Chain mixing seem quite well meaning that, whatever the starting value we use, which are actually very broad (see above), the behaviour of the generated chains are similar, in the sense that they are "reaching" in the same way the targetted stationary distribution.

Gelman-Rubin (Coda) Diagnostics

This diagnostic compares the behaviour of the several randomly initialized chains. It uses the potential scal reduction statistic (or shrink factor) $\hat{R}$ which measures now quantitatively the mixing of the chains. To do that, It measures the ratio of the average variance of samples within each chain to the variance of the pooled samples accross chains. If convergence occured, these should be the same and $\hat{R}$ will be 1. If not, this will be >1.

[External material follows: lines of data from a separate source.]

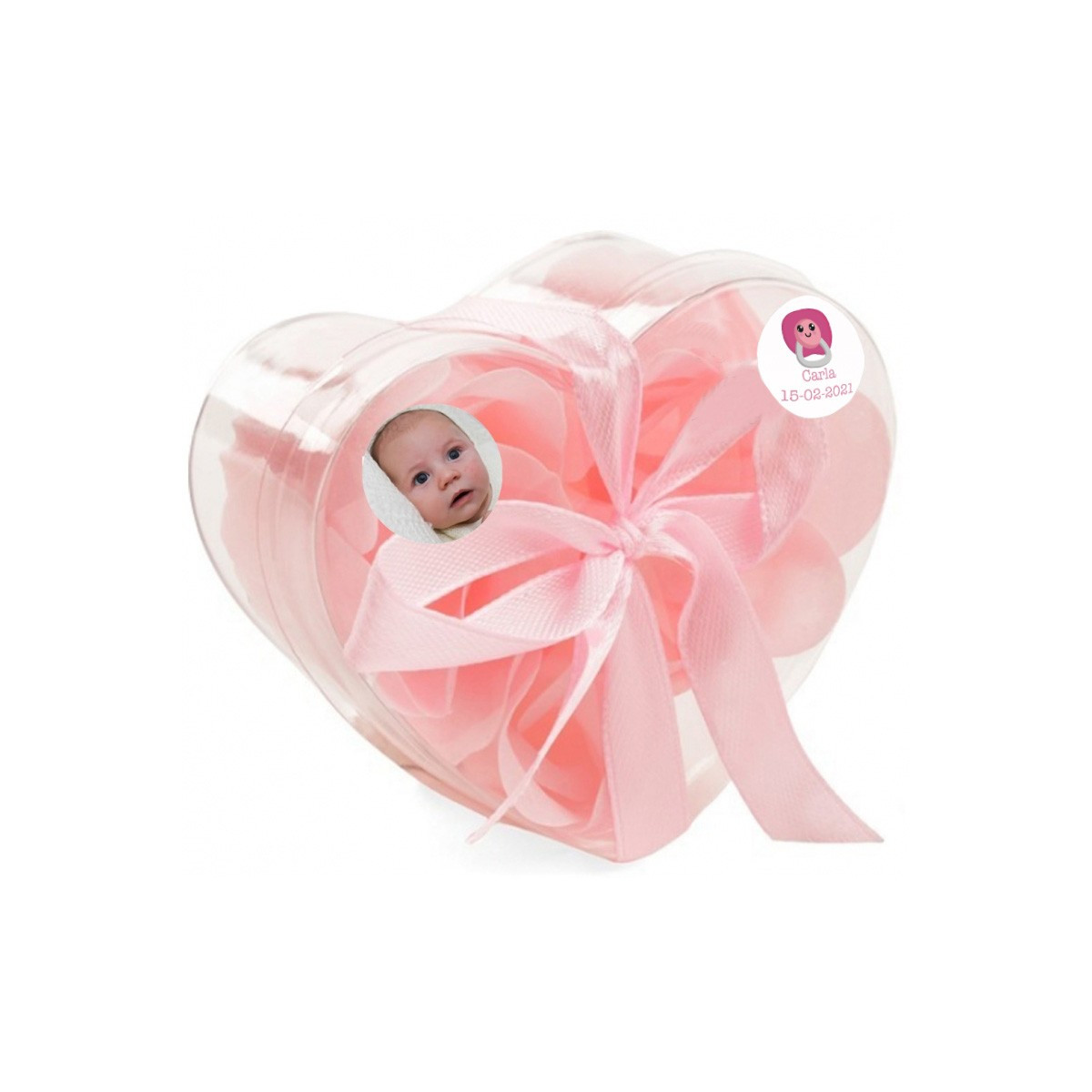 Savon cadeau pour baptême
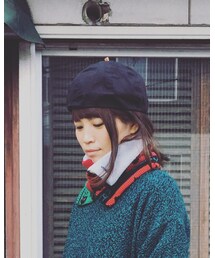 higher | ハンチング/ベレー帽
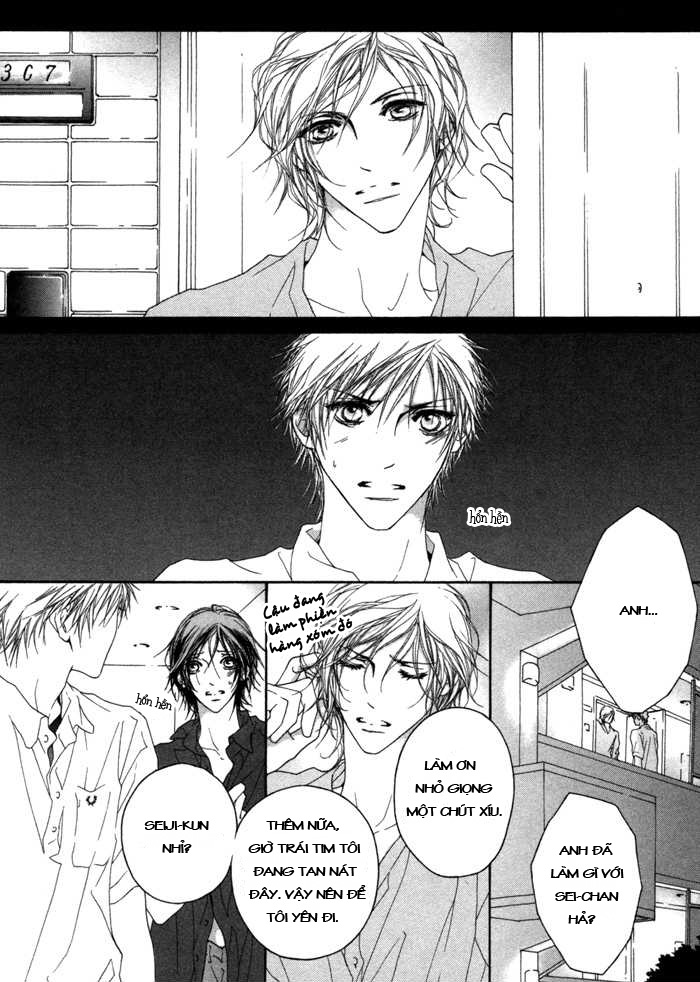 Kimi Wa Amai Amai - Chap 4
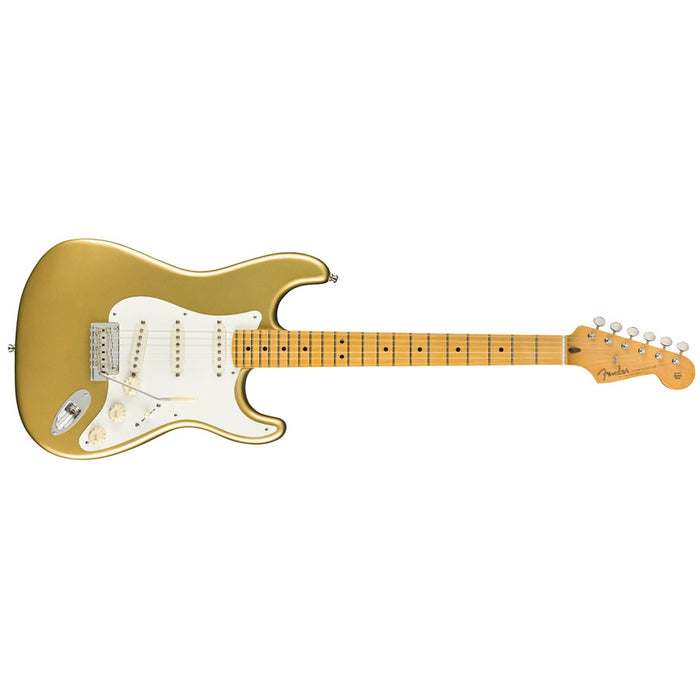 Fender Lincoln Brewster Stratocaster Maple Fingerboard Aztec Gold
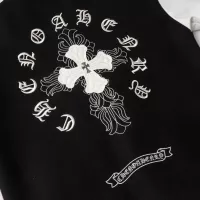 Cheap Chrome Hearts Jackets Long Sleeved For Unisex #1285684 Replica Wholesale [$80.00 USD] [ITEM#1285684] on Replica Chrome Hearts Jackets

gelman.diag(mcmc.list(mcmc(gibbs.trend$out.ind[[1]][,c("mu", "mu1", "logsig", "xi")]),
                      mcmc(gibbs.trend$out.ind[[2]][,c("mu", "mu1", "logsig", "xi")]),
                      mcmc(gibbs.trend$out.ind[[3]][,c("mu", "mu1", "logsig", "xi")]),
                      mcmc(gibbs.trend$out.ind[[4]][,c("mu", "mu1", "logsig", "xi")])),
            autoburnin=F)
gelman.plot(mcmc.list(mcmc(gibbs.trend$out.ind[[1]][,c("mu", "mu1", "logsig", "xi")]),
                      mcmc(gibbs.trend$out.ind[[2]][,c("mu", "mu1", "logsig", "xi")]),
                      mcmc(gibbs.trend$out.ind[[3]][,c("mu", "mu1", "logsig", "xi")]),
                      mcmc(gibbs.trend$out.ind[[4]][,c("mu", "mu1", "logsig", "xi")])),
            autoburnin=F)

(look at y scales !!!!!)

We can see that it is quite close to 1, for every chains and for this ('small') number of iterations. The common rule is to be more prudent whenever $\hat{R}>1.1$. We remark that for $\xi$, it seems to take more iterations before reaching stationary distribution.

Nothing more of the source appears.